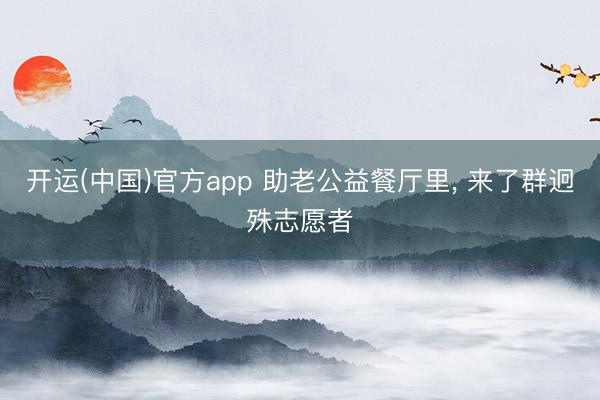 开运(中国)官方app 助老公益餐厅里, 来了群迥殊志愿者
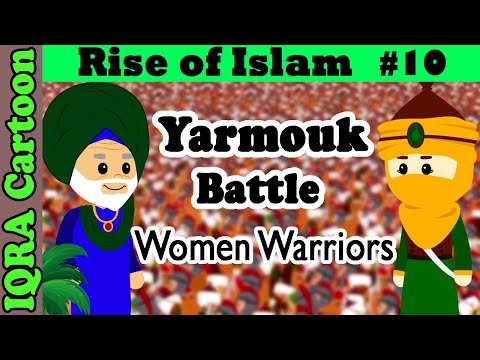 Muslim Women & Battle of Yarmouk: Rise of Islam Ep 10 | Islamic History | IQRA Cartoon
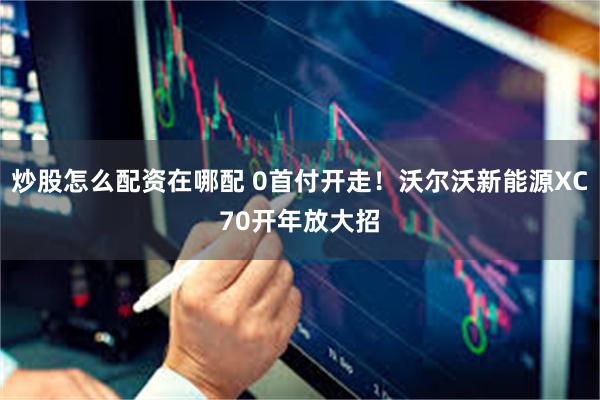 炒股怎么配资在哪配 0首付开走！沃尔沃新能源XC70开年放大招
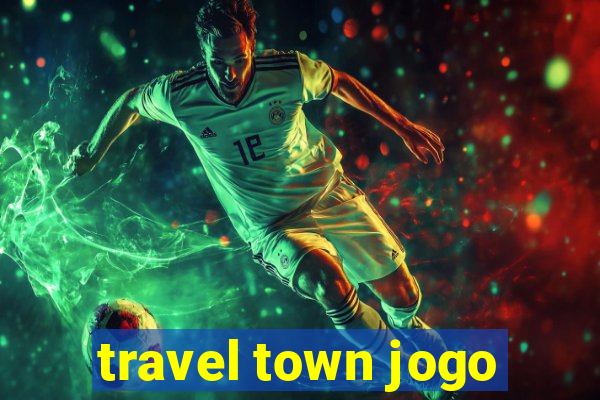 travel town jogo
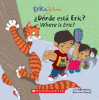Dónde está Eric? = Where is Eric?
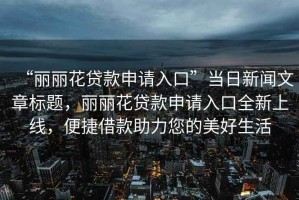 “麗麗花貸款申請入口”當日新聞文章標題，麗麗花貸款申請入口全新上線，便捷借款助力您的美好生活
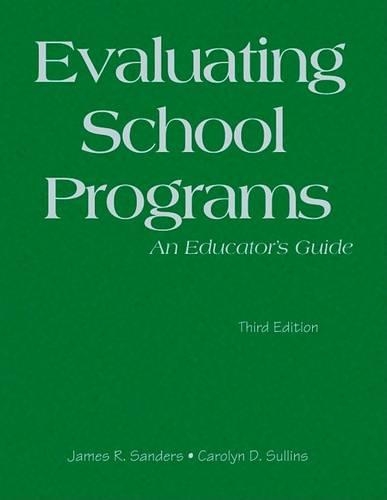 Evaluating School Programs: An Educator's Guide (Hardback)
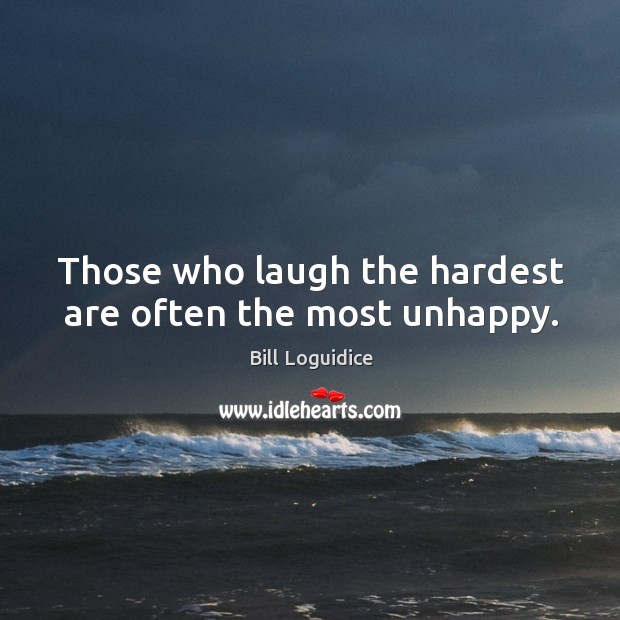 Those who laugh the hardest are often the most unhappy. Bill Loguidice Picture Quote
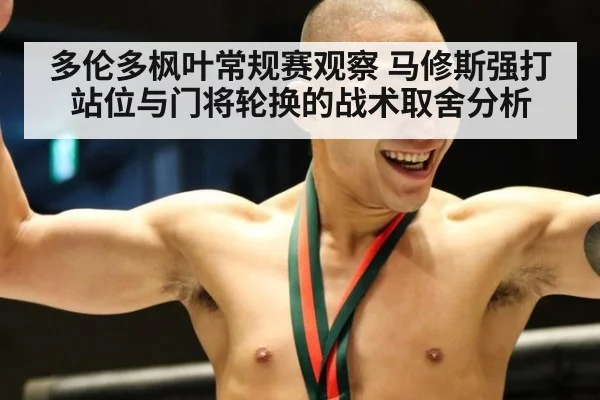 多伦多枫叶常规赛观察 马修斯强打站位与门将轮换的战术取舍分析 - jiuyouhui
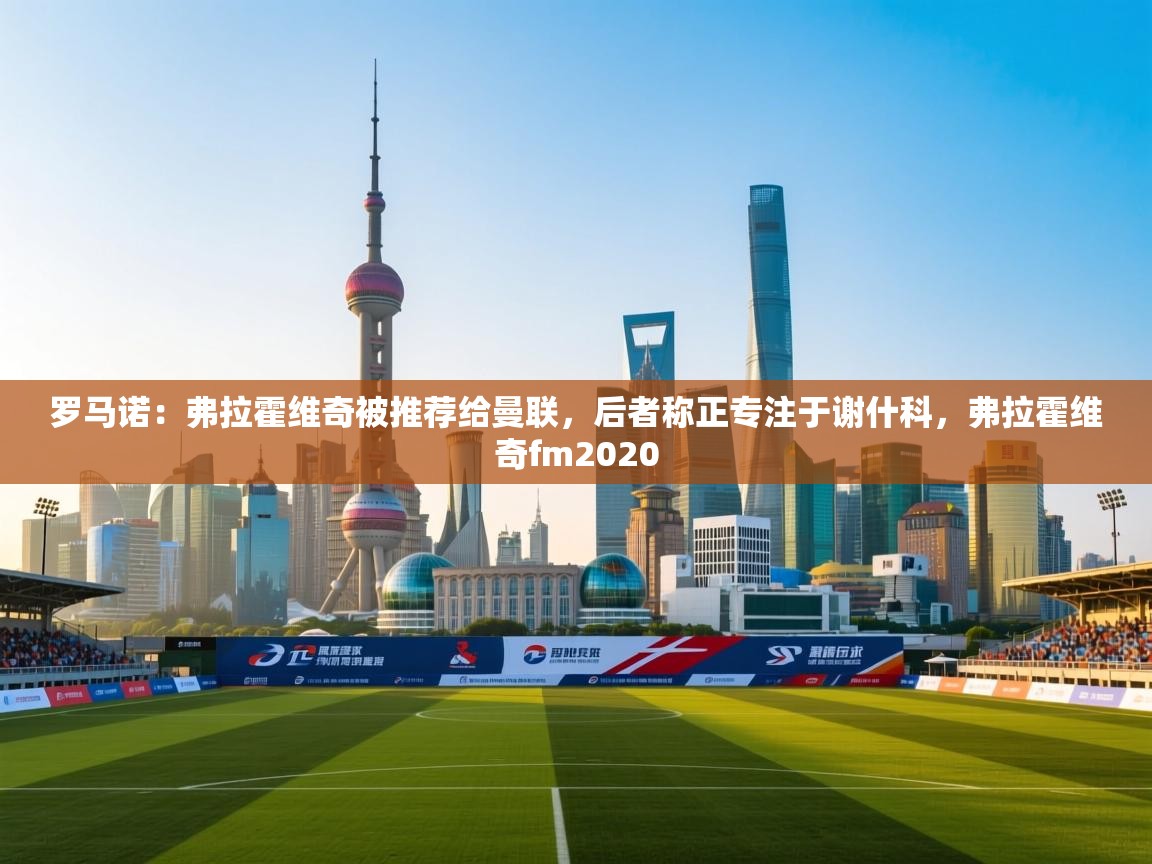 蓝鲸体育在线-罗马诺:弗拉霍维奇被推荐给曼联,后者称正专注于谢什科,弗拉霍维奇fm2020 第2张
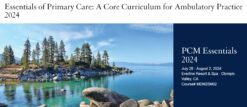 
UCSF Essentials of Primary Care A Core Curriculum for Ambulatory Practice 2024
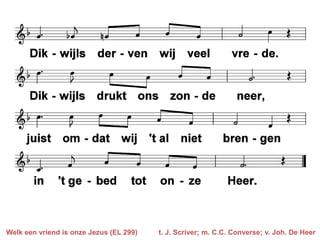 Welk een vriend is onze Jezus (EL 299)   t. J. Scriver; m. C.C. Converse; v. Joh. De Heer
 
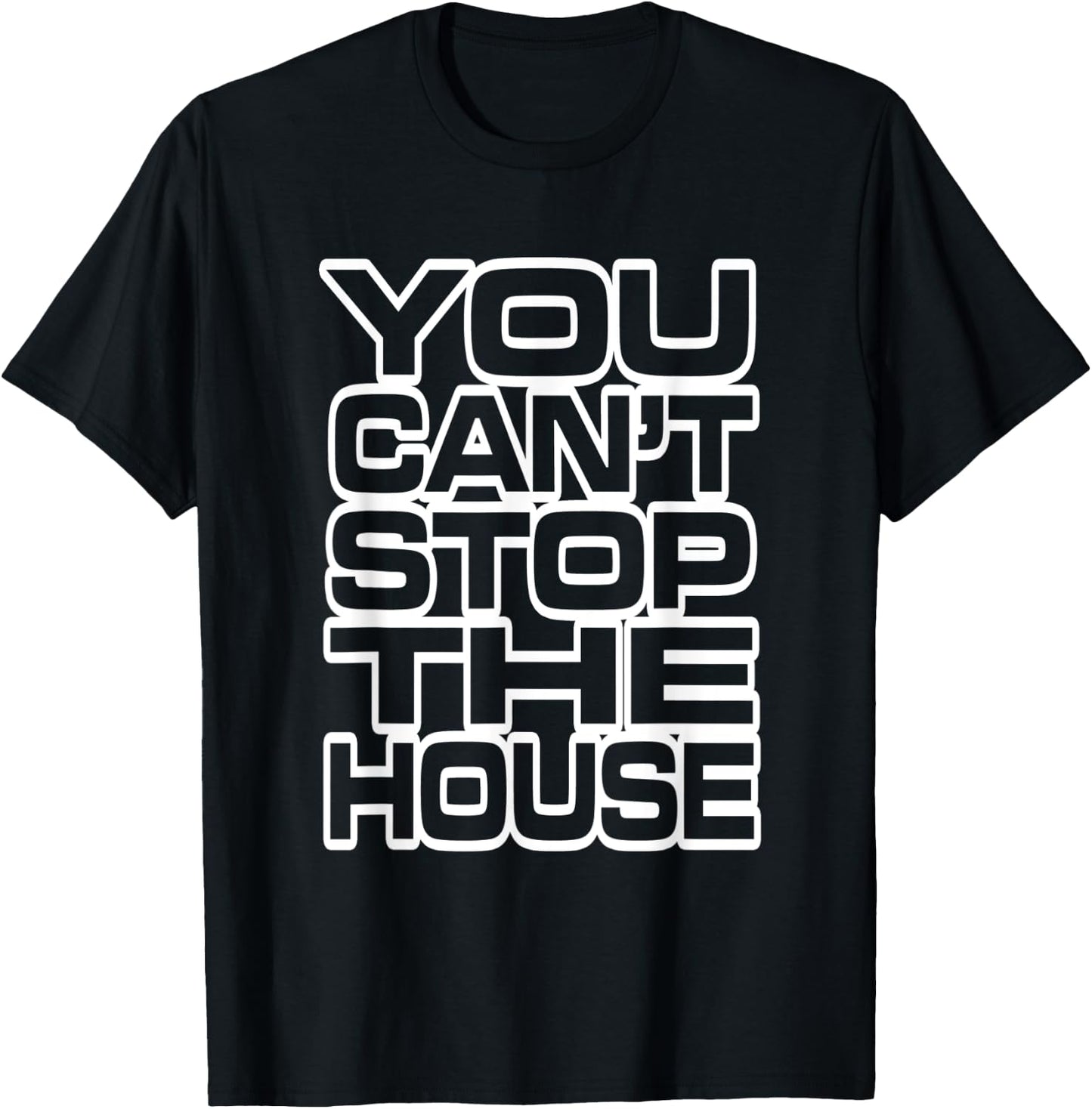 You Can't Stop the House T-Shirt - T-Shirt | Black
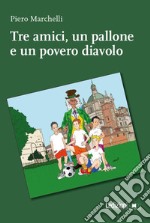 Tre amici, un pallone e un povero diavolo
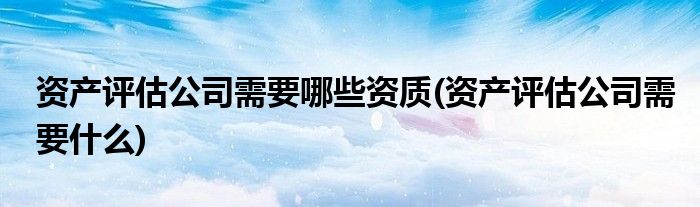 资产评估公司需要哪些资质(资产评估公司需要什么)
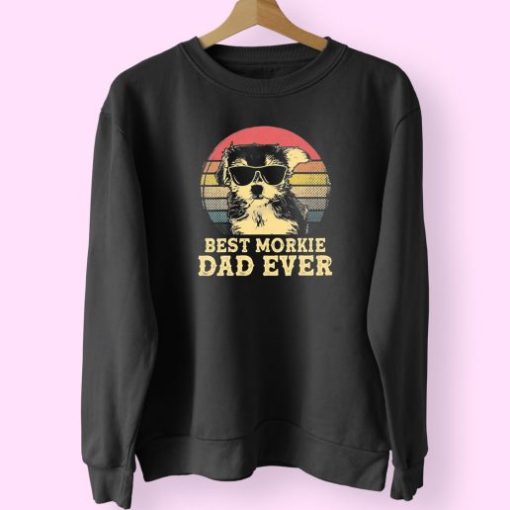 Best Morkie Dad Ever Dog Lovers Trendy 80s Sweatshirt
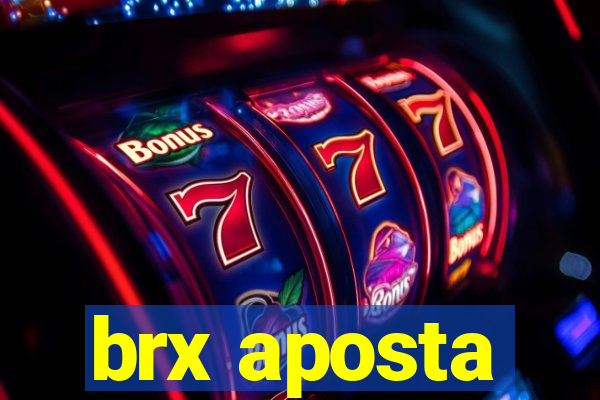 brx aposta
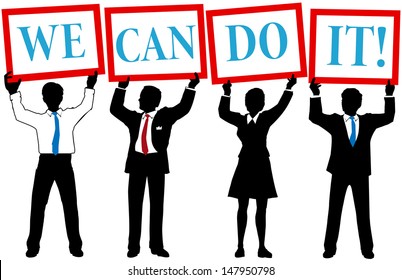 Business people team join to hold up We Can Do It signs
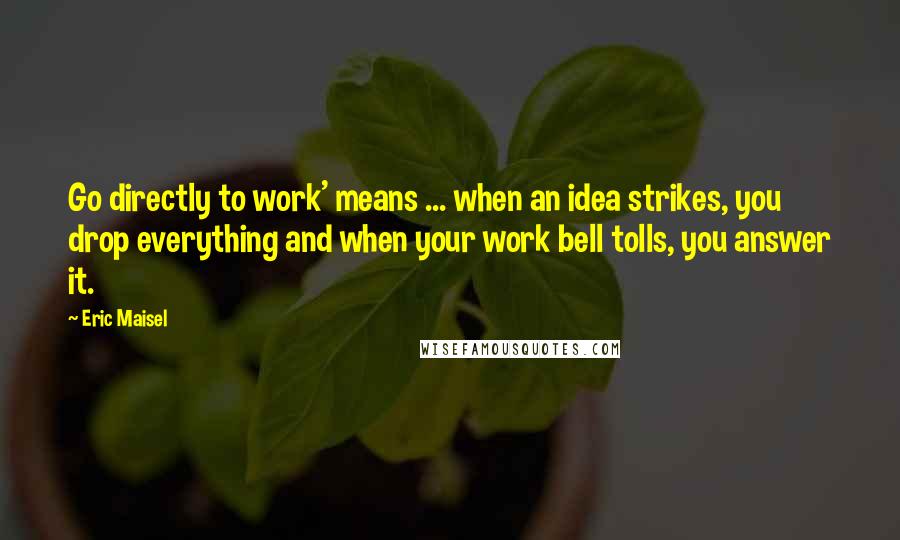 Eric Maisel Quotes: Go directly to work' means ... when an idea strikes, you drop everything and when your work bell tolls, you answer it.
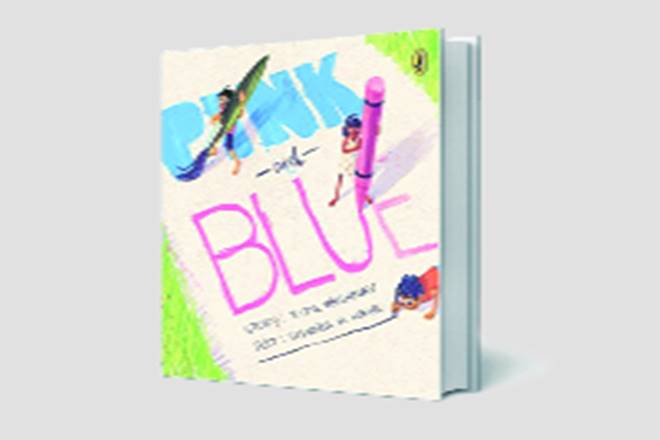 Pink and Blue Ritu Vaishnav; illustrated by Vishnu M Nair Penguin Random House Pp 32, Rs 250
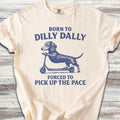 Dachshund Dilly Dally T-Shirt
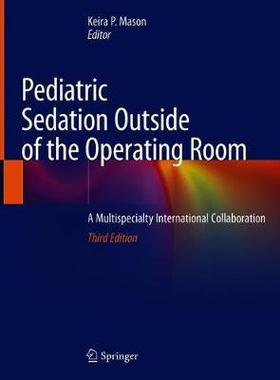 【预订】Pediatric Sedation Outside of the Operating Room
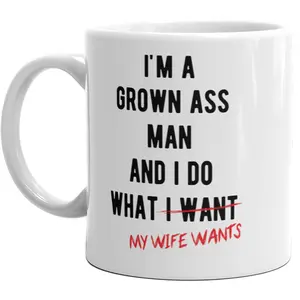 I'm A Grown Ass Man I Do What My Wife Wants Mug Funny Marriage Relationship Cup - 11oz Funny Coffee Mugs Ceramic Printed Drinkware Cup I'm A Grown Ass Man I Do What My Wife Wants Mug Funny Marriage Relationship Cup - 11oz Funny Coffee Mugs Ceramic Printed Drinkware Cup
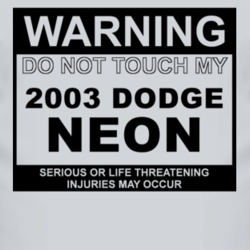 Warning Do Not Touch My 2003 Dodge Neon Funny Car T Shirt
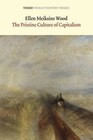 The Pristine Culture of Capitalism by Ellen Meiksins Wood (Paperback, 2015)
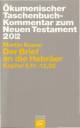 Der Brief an die Hebräer, Kapitel 5,11 - 13,25  (Band 2) 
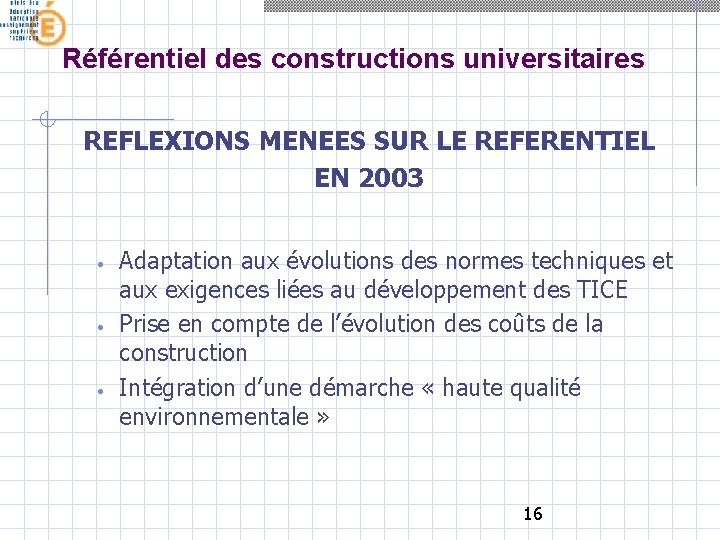 Référentiel des constructions universitaires REFLEXIONS MENEES SUR LE REFERENTIEL EN 2003 • • •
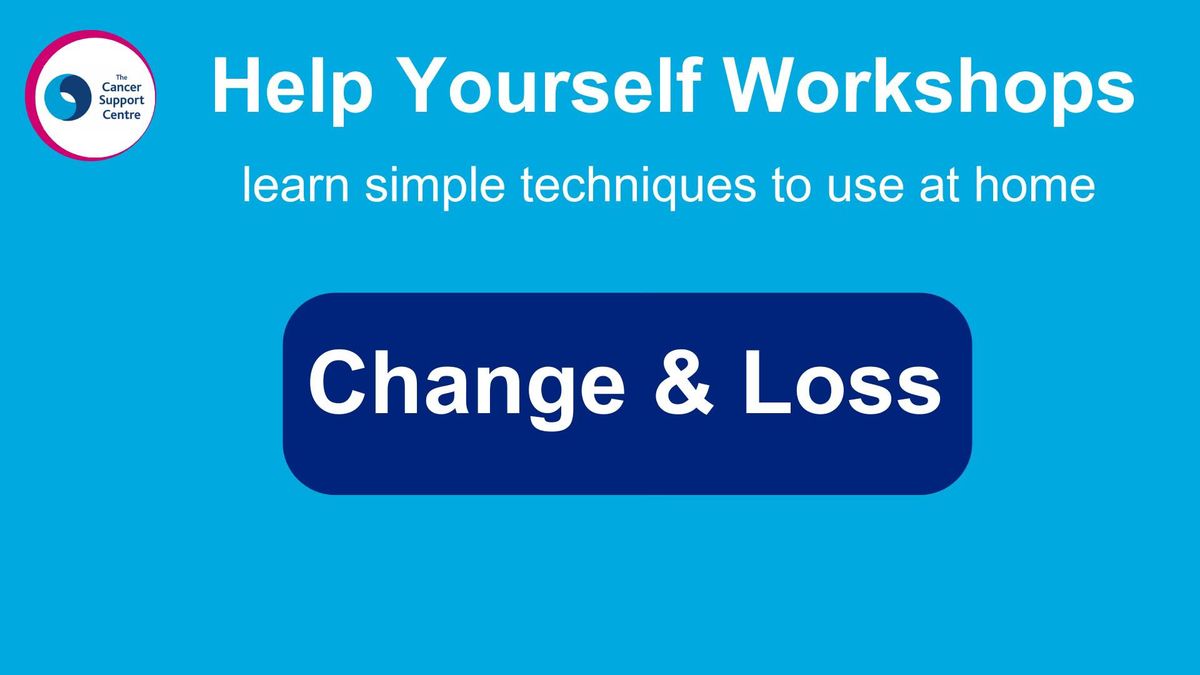 Help Yourself Workshop - Change and Loss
++++++
Task description
Only these lines belong in the answer: the first line of the listing above through the line holding "Evaluating School Programs: An", printed exactly and without pictures.

Exercise result
 开运(中国)官方app 助老公益餐厅里, 来了群迥殊志愿者
 Muslim Women & Battle of Yarmouk: Rise of Islam Ep 10 | Islamic History | IQRA Cartoon
 炒股怎么配资在哪配 0首付开走！沃尔沃新能源XC70开年放大招
 travel town jogo
Dónde está Eric? = Where is Eric?
 “麗麗花貸款申請入口”當日新聞文章標題，麗麗花貸款申請入口全新上線，便捷借款助力您的美好生活
 Evaluating School Programs: An Educator's Guide (Hardback)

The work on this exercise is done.